O
MITO DO GRAAL
Às portas do 3° milênio, o mito do Graal ainda é portador de símbolos importantes que não foram totalmente absorvidos e assimilados pelo homem ocidental. O cristianismo com seus valores profundos de amor, tolerância, fraternidade
ainda está longe de ser vivido na sua real dimensão. Os ideais de nobreza de caráter, retidão, honestidade, presentes nas ordens de cavalaria medievais e representadas no mito por
Artur e os cavaleiros da Távola Redonda, também são apenas ecos de um passado romântica e imaginário, dificilmente vividos no nosso
cotidiano.
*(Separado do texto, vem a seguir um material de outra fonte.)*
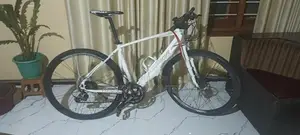 Merida Bicycle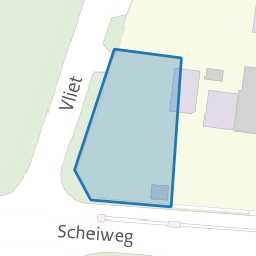 Perceel GMT00-D-1464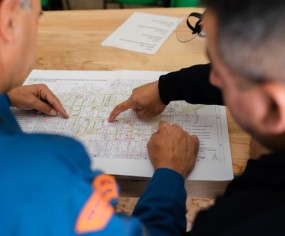 Photovoltaic Systems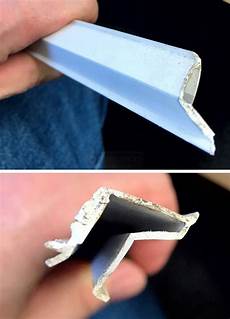 Glazing Bead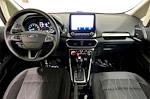 2020 Ford EcoSport FWD, SUV for sale #PLC341332 - photo 16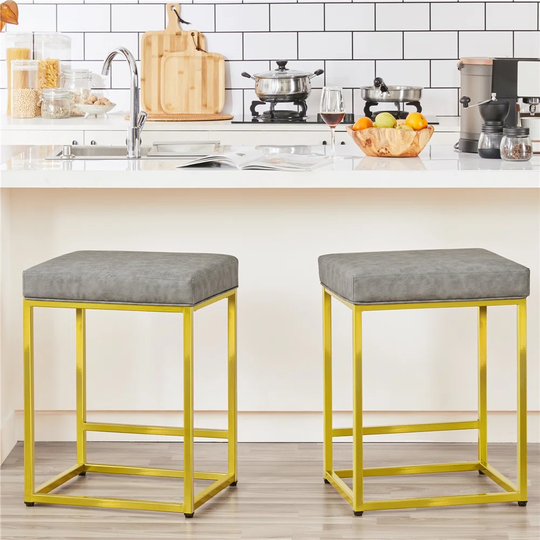 Tirrelle 60Cm Stool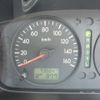 mazda bongo-van 2018 -MAZDA--Bongo Van DBF-SLP2M--SLP2M-104279---MAZDA--Bongo Van DBF-SLP2M--SLP2M-104279- image 7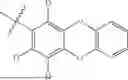 Fig. 455 - ORGANIC ELECTROLUMINESCENT MATERIALS AND DEVICES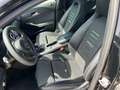 Mercedes-Benz A 160 Style Navi Teilleder Sitzh Alu Park Assist Noir - thumbnail 8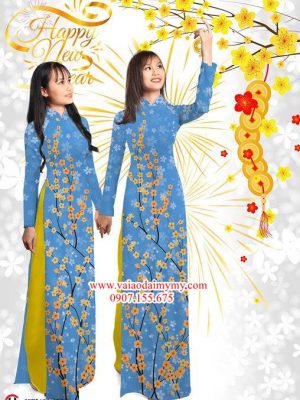 1515144112 758 vai ao dai ao dai dep ad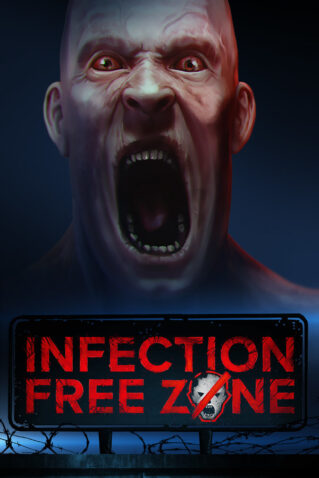 Infection Free Zone Free Download (Build 16564248)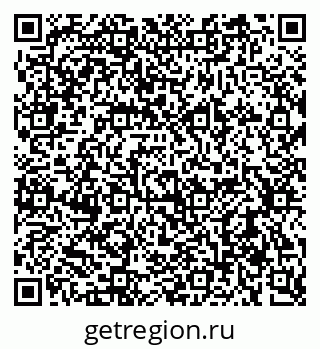 79637955643
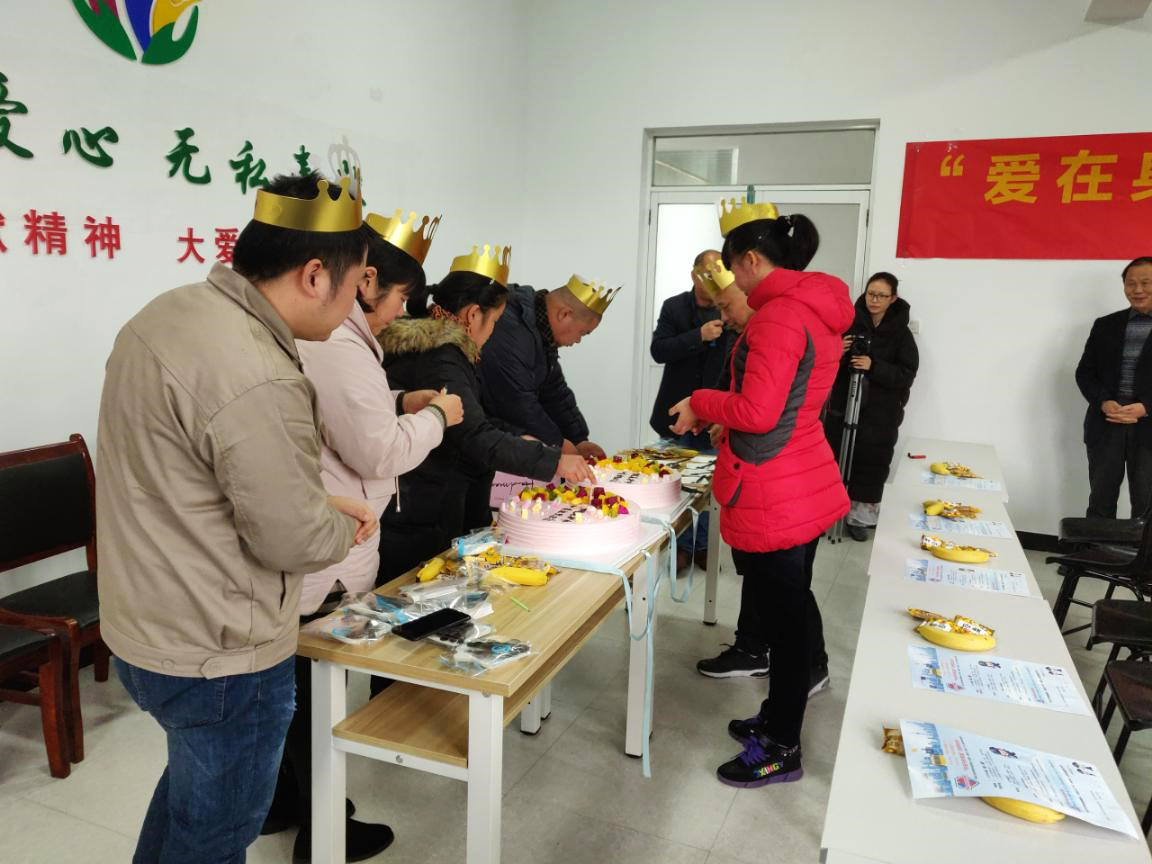 港澳联盟宝典资料大全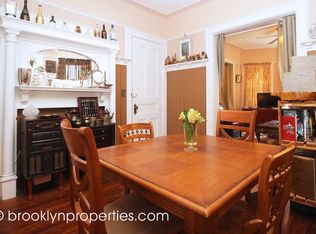 432 Westminster Rd #2, Brooklyn, NY 11218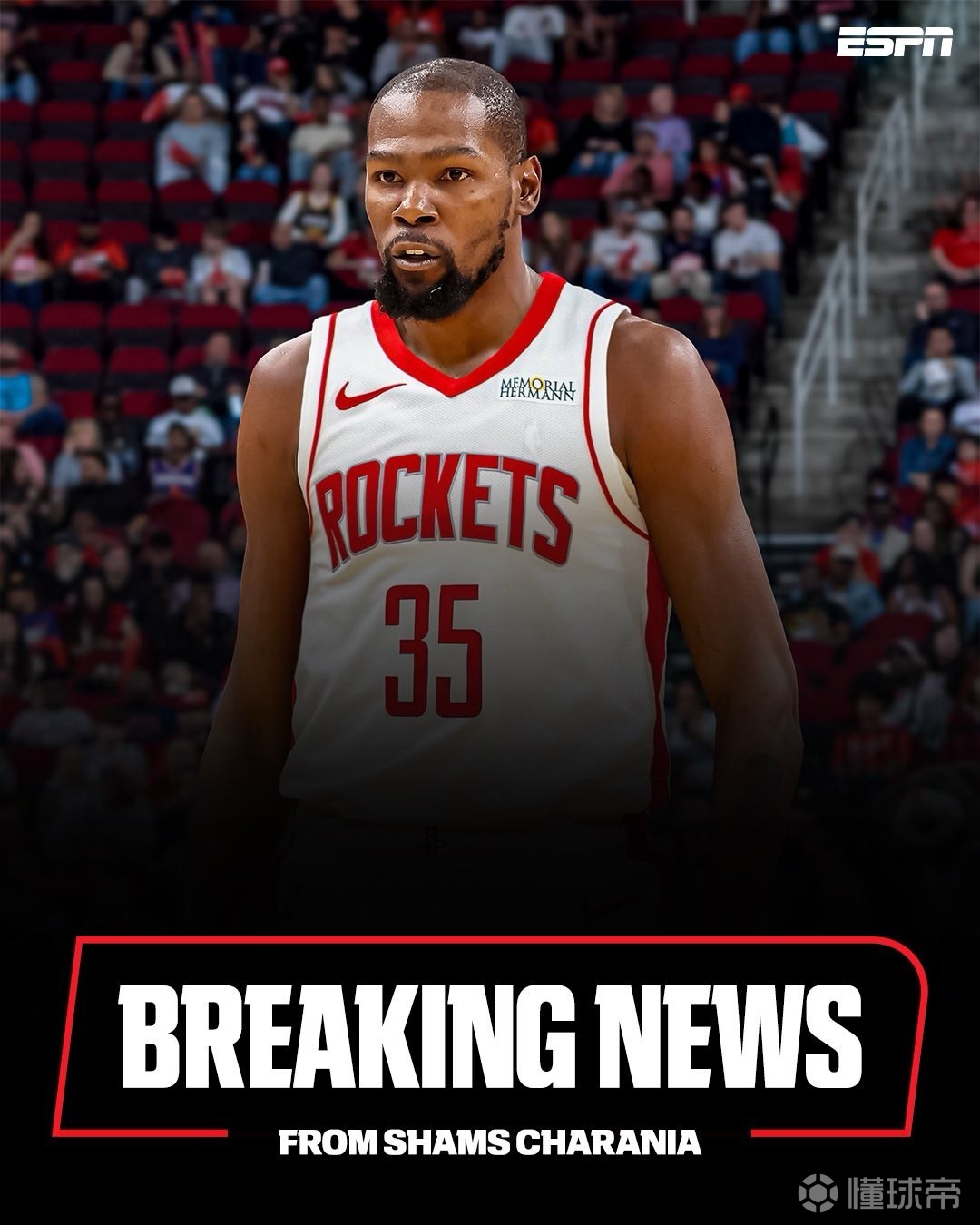 家人来到工 家人来到工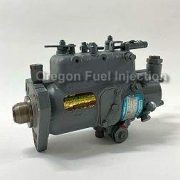 Rebuilt CAV, Lucas injection pump 3248F90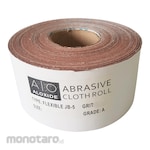Mister Abrasive Sandpaper Roll (Amplas Gulung)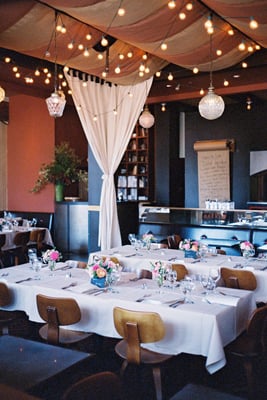 Revival Bar Kitchen 2019 All You Need To Know Before You Go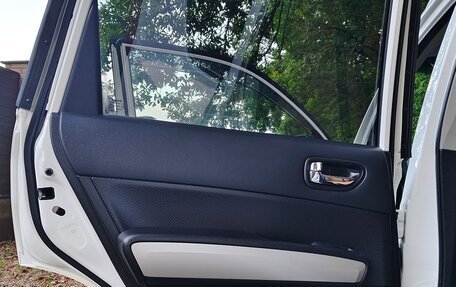 Nissan X-Trail, 2013 год, 1 550 000 рублей, 20 фотография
Portanto, a reflexão sobre este mito, que ainda provoca a imaginação criadora de tantos
artistas na literatura, no cinema, no teatro, etc. é bastante necessária e atual.
Para facilitar a compreensão da saga de Artur e de seus cavaleiros na busca do Graal, proponho dividir a história em três fases : 1°)
O Caldeirão: o período que precede o nascimento de Artur; 2°) A Távola
Redonda: o reinado de Artur e seu declínio; 3°) O Graal: a busca do cálice sagrado.
Podemos fazer um paralelo entre essas três fases do mito e as três idades da História segundo Gioacchino de Fiori : a Idade do Pai, do Filho e do Espírito Santo. Gioacchino foi um místico contemplativo (l135-1202), que através de suas visões formulou a concepção da História como um processo que se desenvolve nestas três etapas. Suas idéias tiveram grande repercussão e podem nos ajudar a ampliar o significado do mito do Graal observando como o símbolo do cálice se transforma de acordo com a época e com as necessidades psíquicas concomitantes, que se unem para a criação dos símbolos.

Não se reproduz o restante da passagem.